Secondly, for some specific scenes such as finance, medical treatment and education industry, an AI digital person generally has the capability of understanding the "look-and-feel" of the text semantics of the client, and makes correct judgment on the positive (yes), negative (no) or neutral emotion semantics of the client through the text semantics in combination with the business scene, but the text semantics understanding capability is accompanied by a large amount of data corpus or artificial dictionary construction, is very dependent on data resources and manpower resources, and in a wider scene, only the text semantics understanding is used for judging that the client emotion is slightly insufficient;

Finally, the existing part of AI digital people judge the emotion state of the user through voice features, one method is to judge the emotion state through voice text recognition and then through text, the method is very dependent on the accuracy of voice recognition, and the other method is to judge the emotion state directly through voice, but the feature extraction method for judging emotion from voice extraction is still immature, and as a result, the accuracy of judging the emotion state is lower;

In summary, based on the single-mode emotion state recognition, when judging the emotion state of a client, the accuracy is still lower than the multi-mode emotion comprehensive recognition results of images, voices, characters and the like, so the invention provides a multi-mode AI digital human emotion analysis method.

Disclosure of Invention

In order to solve the technical problems mentioned in the background art, a multi-mode-based AI digital human emotion analysis method is provided.

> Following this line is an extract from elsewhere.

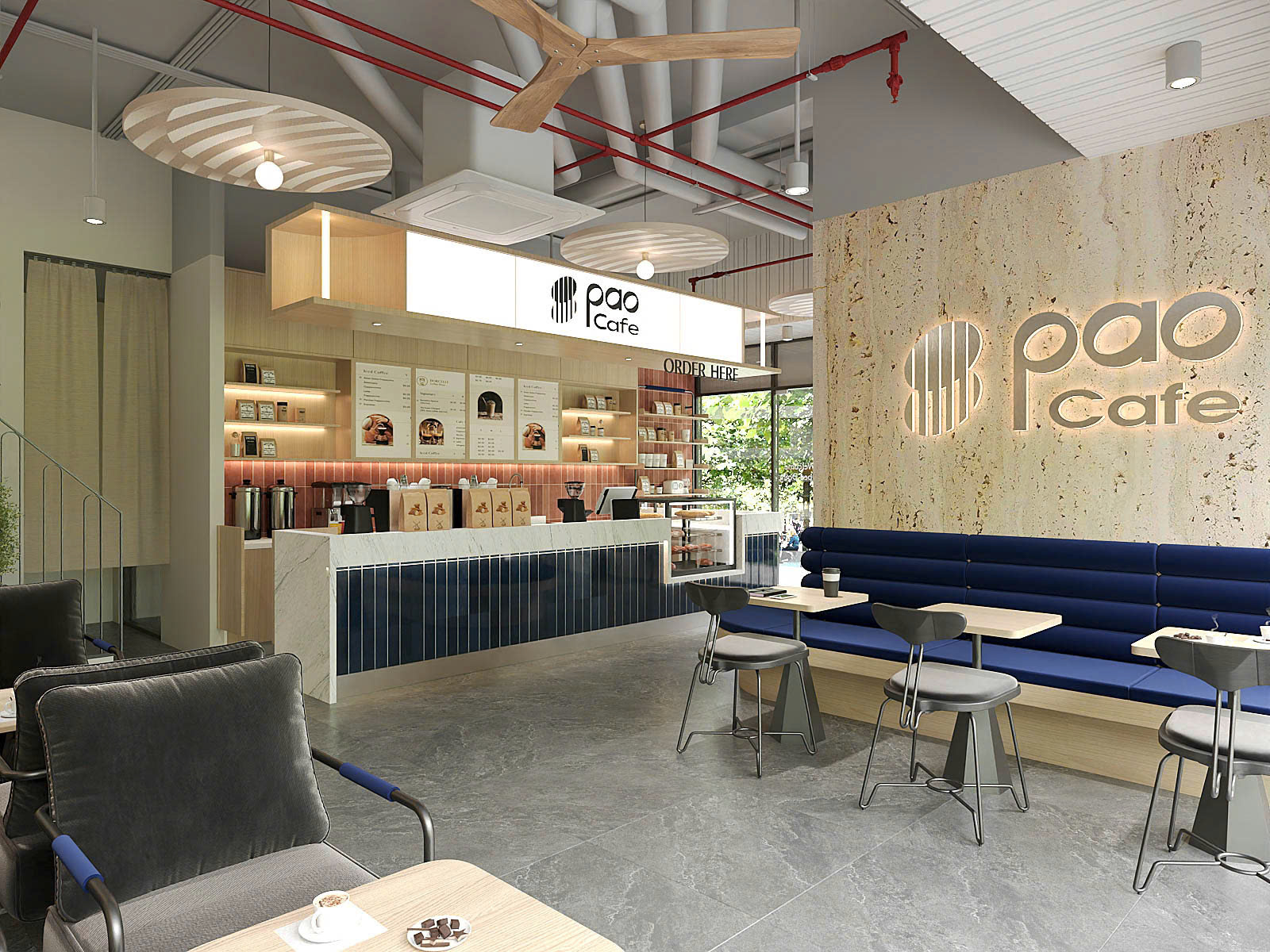 Bí quyết thiết kế quán cafe PAO tại Vinhomes Smart City chỉ với 500 triệu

In order to achieve the above purpose, the present invention adopts the following technical scheme:

A multimode-based AI digital human emotion analysis method comprises the following steps:

s1, facial expression recognition emotion judgment:

s11, acquiring an image through a camera module to serve as an original image A to be detected;

S12, obtaining an original image B by converting the original image A to be detected into (640, 640,3);

s13, inputting the original image B into a trained retinaface face detection and recognition model, and outputting a face detection frame C;

S14, intercepting a target face area from the face detection frame C, wherein the target face area resize is a 224 multiplied by 224 face image D;

s15, inputting a face image D into a trained facial expression recognition model, classifying the face image C by using a convolutional neural network, and obtaining probability values of seven emotion categories, namely 'angry', 'disgusted', 'fearful', 'happy', 'sad', 'surprise', 'neutral';

s16, outputting the emotion type corresponding to the maximum probability value, and outputting a result a to be input into the multi-mode emotion analysis module;

S2, voice emotion recognition judgment:

s21, collecting voice E through a voice collecting module;

s22, inputting the voice E into a voice emotion judging model, extracting zero crossing rate, amplitude, spectrum centroid and Mel frequency cepstrum coefficient of an audio map, and obtaining probability values of seven emotion categories, namely 'angry', 'disgusted', 'fearful', 'happy', 'sad', 'surprise', 'neutral';

s23, outputting emotion categories corresponding to the maximum probability values, and outputting a result e to the multi-modal emotion analysis module;

S3, identifying and judging text emotion:

S31, collecting the voice E through a voice acquisition module, and converting the voice E into a text F;

S32, inputting the text F into a text emotion recognition model, performing emotion scoring on the text F, and outputting probability values of seven emotion categories obtained by "angry", "disgusted", "fearful", "happy", "sad", "surprise" and "neutral";

s33, outputting emotion categories corresponding to the maximum probability values, and outputting a result f to the multi-modal emotion analysis module;

S4, in the multi-mode emotion analysis module, carrying out emotion random combination judgment on the results a, e and f, taking an average probability value of random emotion combination conditions as a final emotion judgment result g, and outputting the final emotion judgment result g to the AI digital person.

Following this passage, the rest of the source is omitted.